Work instructions. Please set down only the lines below starting with the line with "Series Banner" and going on through the line with "Snapshot of robert_leroy", verbatim and without pictures.

**** Materials provided

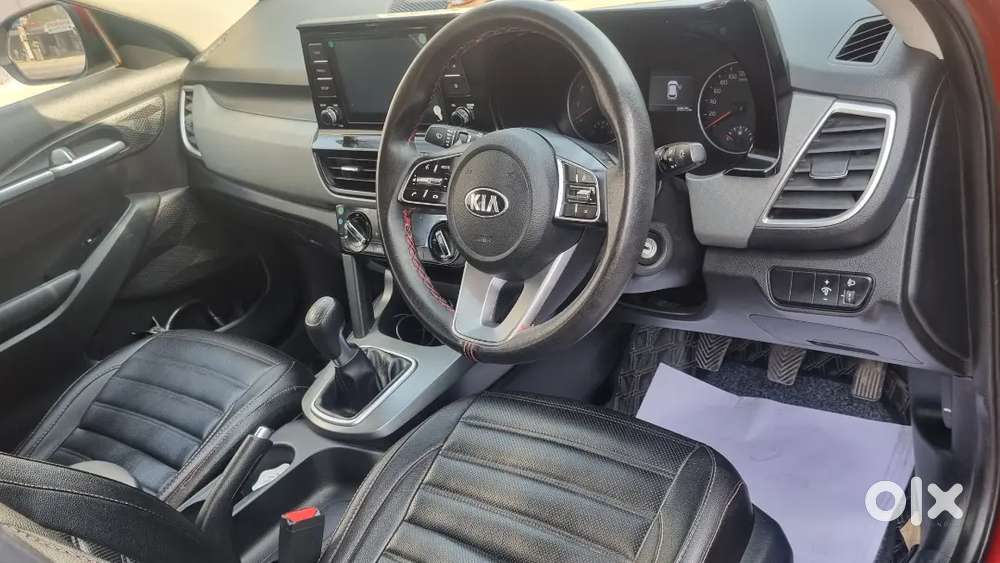 Showroom Condition Car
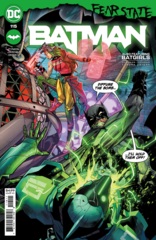 Batman #115A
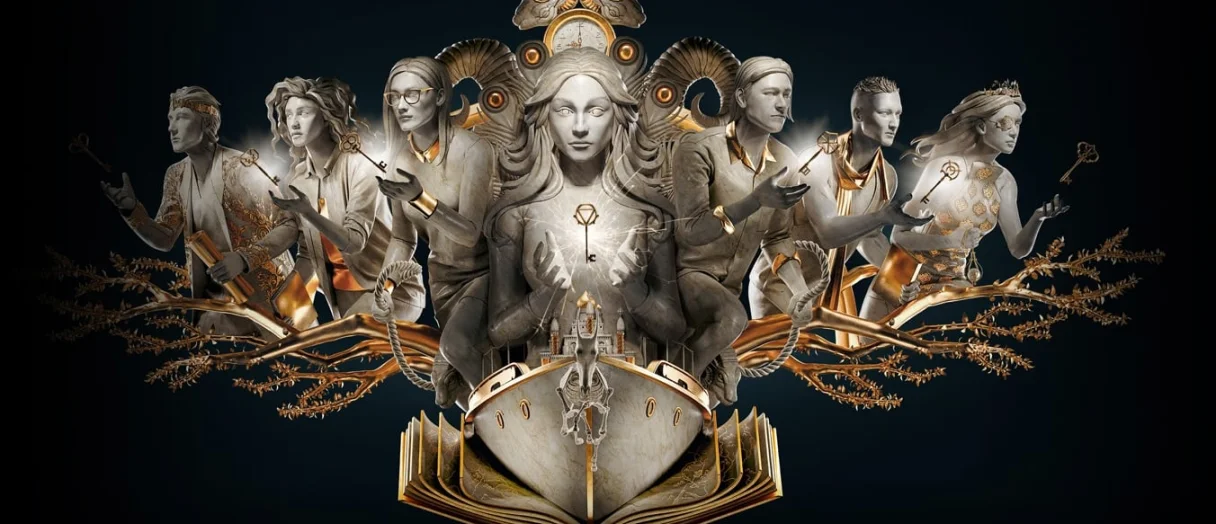 Series Banner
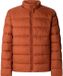 Pepe Jeans Gewatteerde Jas Bruin XL Man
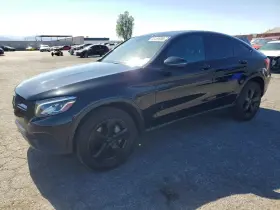 2019 Mercedes-Benz GLC-Class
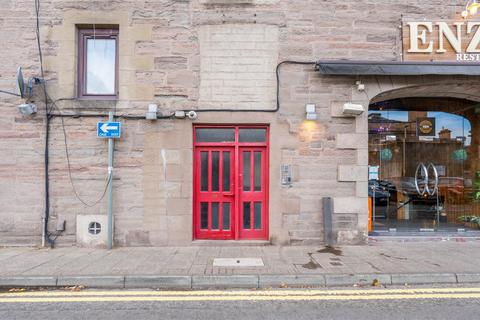 undefined, Speygate, Perth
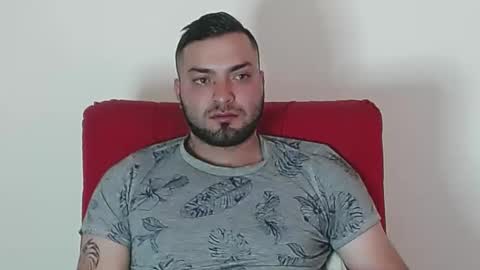 Snapshot of robert_leroy chatting on September 21, 2025, 1:13 pm Stiven - online show from September 21, 2025, 1:13 pm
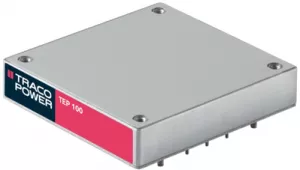 TEP 100-1218 TRACO POWER DC/DC-Wandler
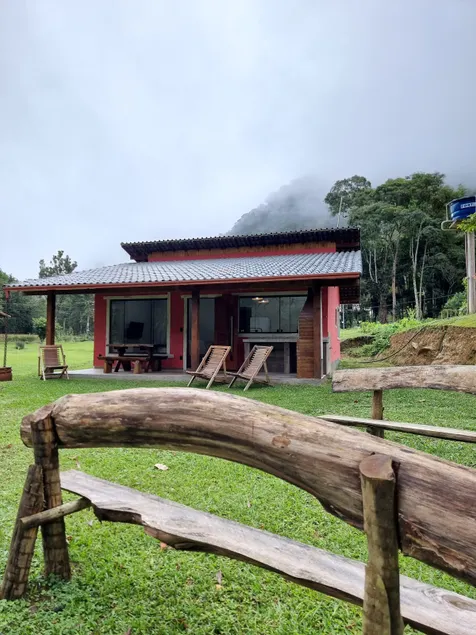 Brisa do Rio 2 Farmhouse - Image 1
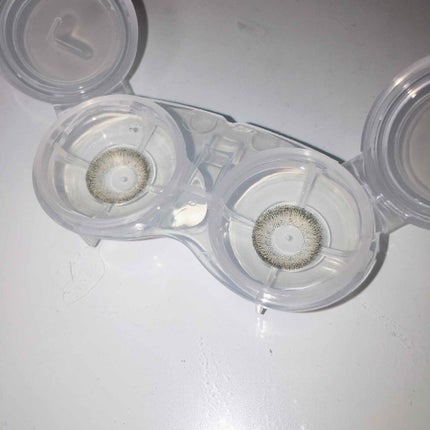 ReVIA 1day/ReVIA/ワンデー(1DAY)カラコンを使ったクチコミ(2枚目)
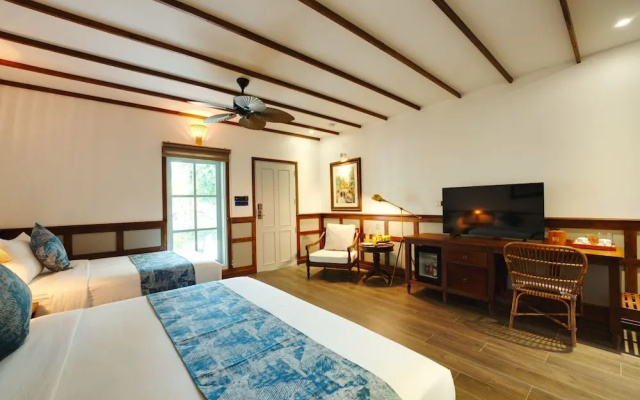 Mybanlao Hotel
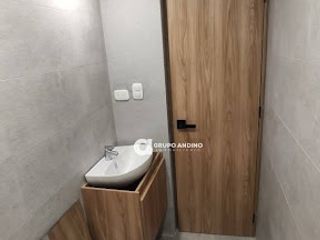 Foto 6 de ARRIENDO de APARTAESTUDIO en BOGOTA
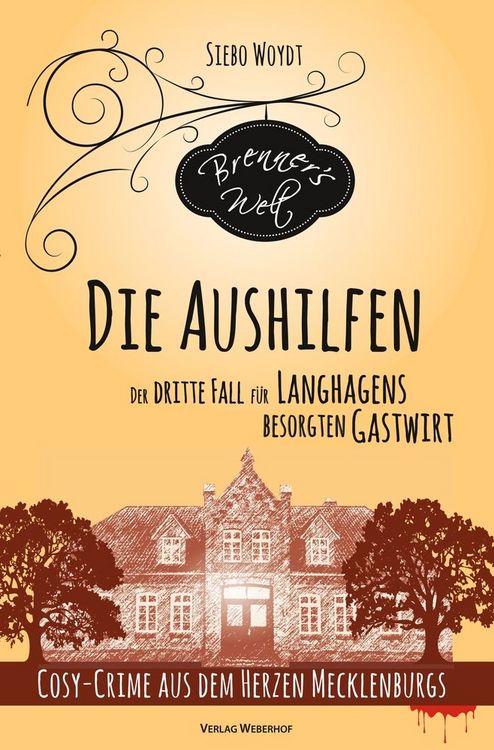 Produktbild: Die Aushilfen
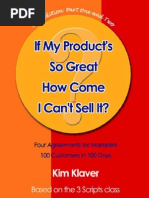 Download If My Products So Great 1 by Koleksi Buku Bekas SN160426903 doc pdf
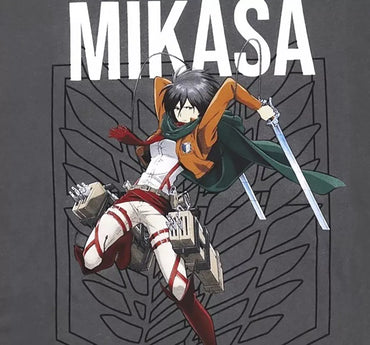 Mikasa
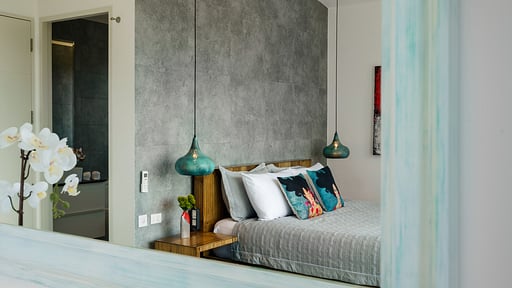 Casa Bella Bedroom 1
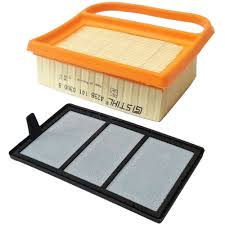 Filtro aria Stihl per tagliamuri serie TS 410, TS 420, TS 440-A, TS 480i-A, TS 500i-A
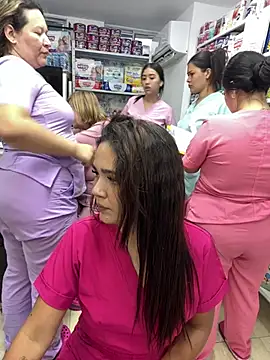 Chat XXX en directo de kandalove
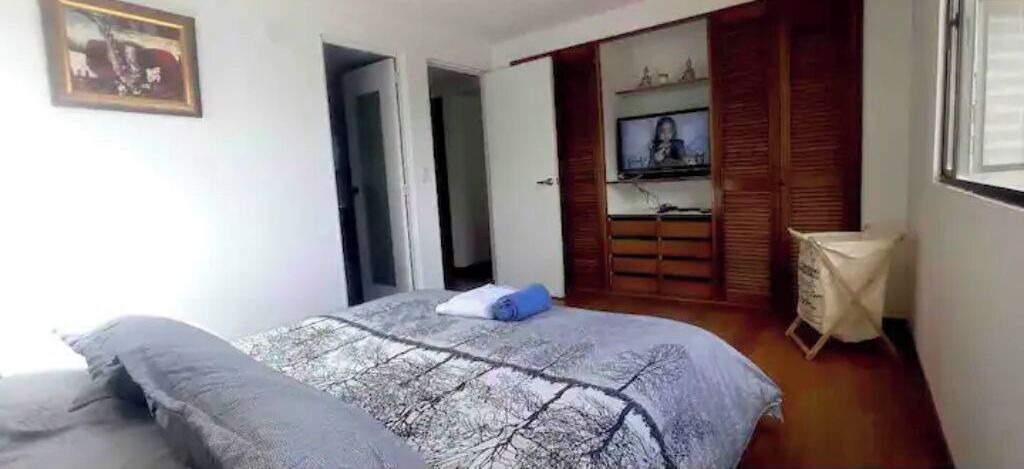 Photo of Bedroom in Suba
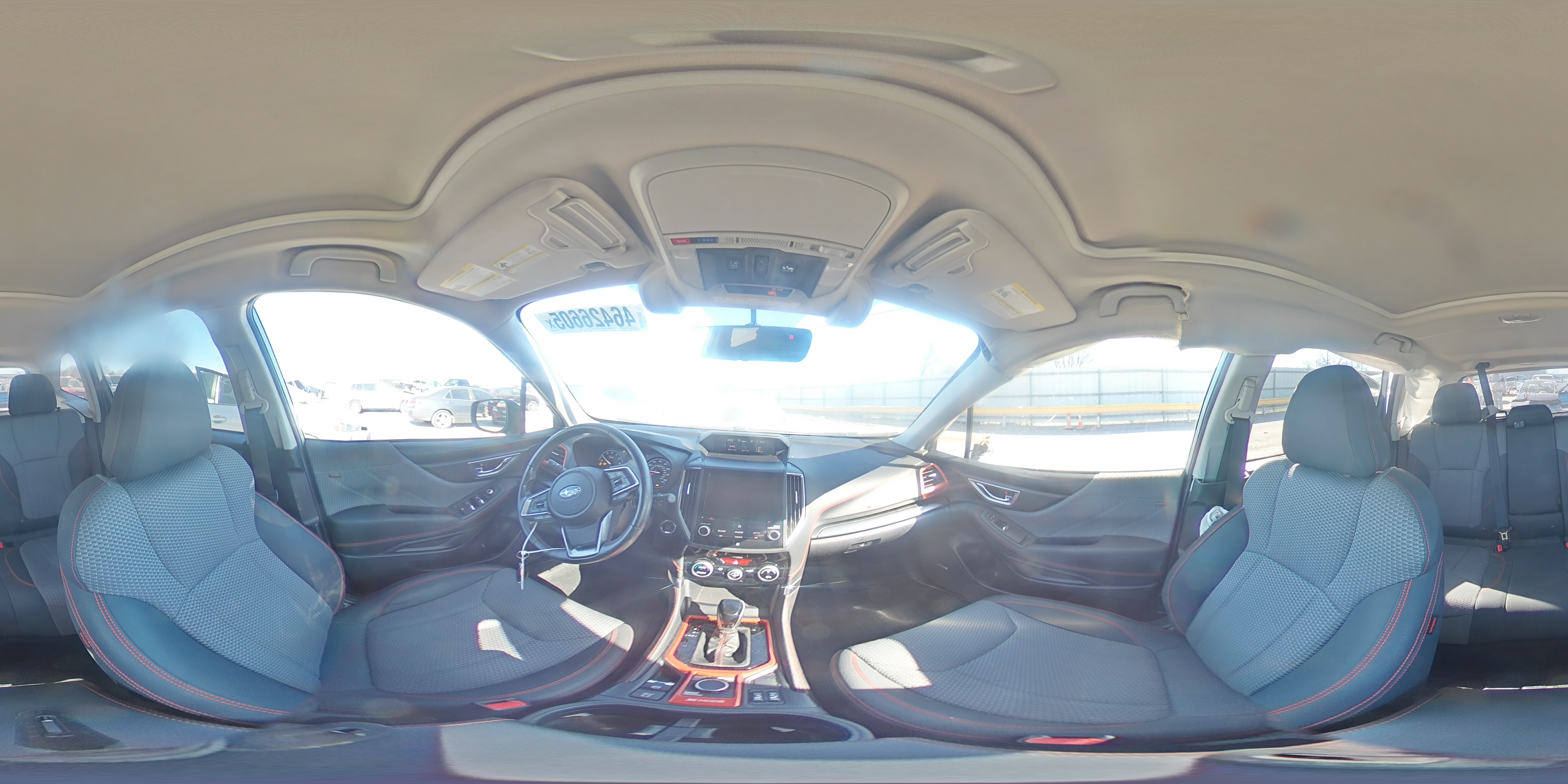 2019 Subaru Forester - Image 15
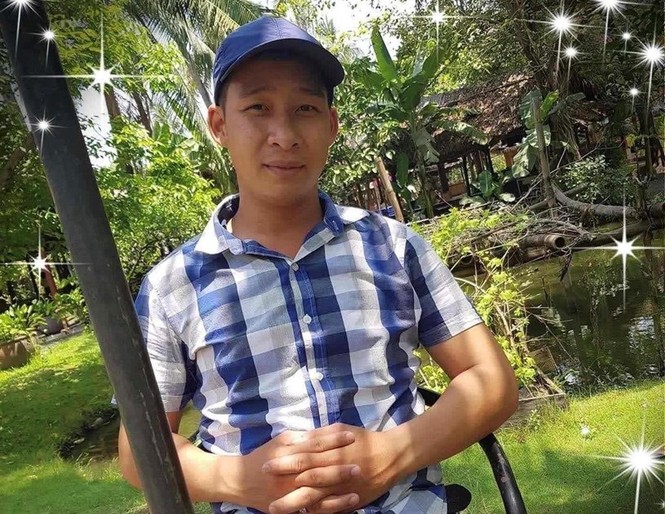 Công bố ảnh kẻ bị truy nã vì bắn chết 4 người, cướp 1 tỷ đồng trong sới bạc - ảnh 3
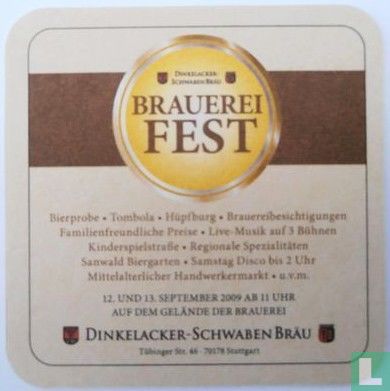 Brauerei Fest - Image 1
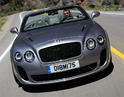 Bentley Continental Supersports Convertible 35
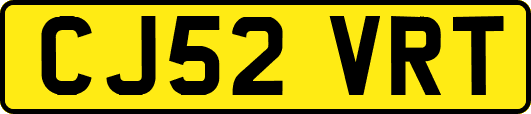 CJ52VRT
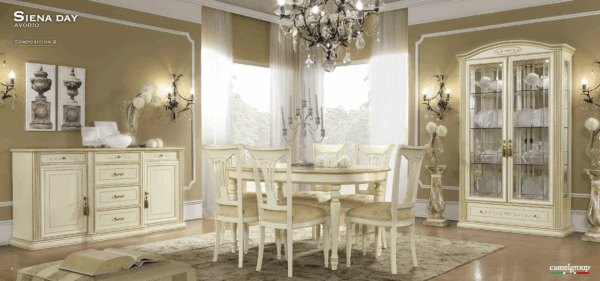 Siena Day Ivory Gallery 3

********

Exercise solution.
 Series Banner
 Pepe Jeans Gewatteerde Jas Bruin XL Man
 2019 Mercedes-Benz GLC-Class
 undefined, Speygate, Perth
 Snapshot of robert_leroy chatting on September 21, 2025, 1:13 pm Stiven - online show from September 21, 2025, 1:13 pm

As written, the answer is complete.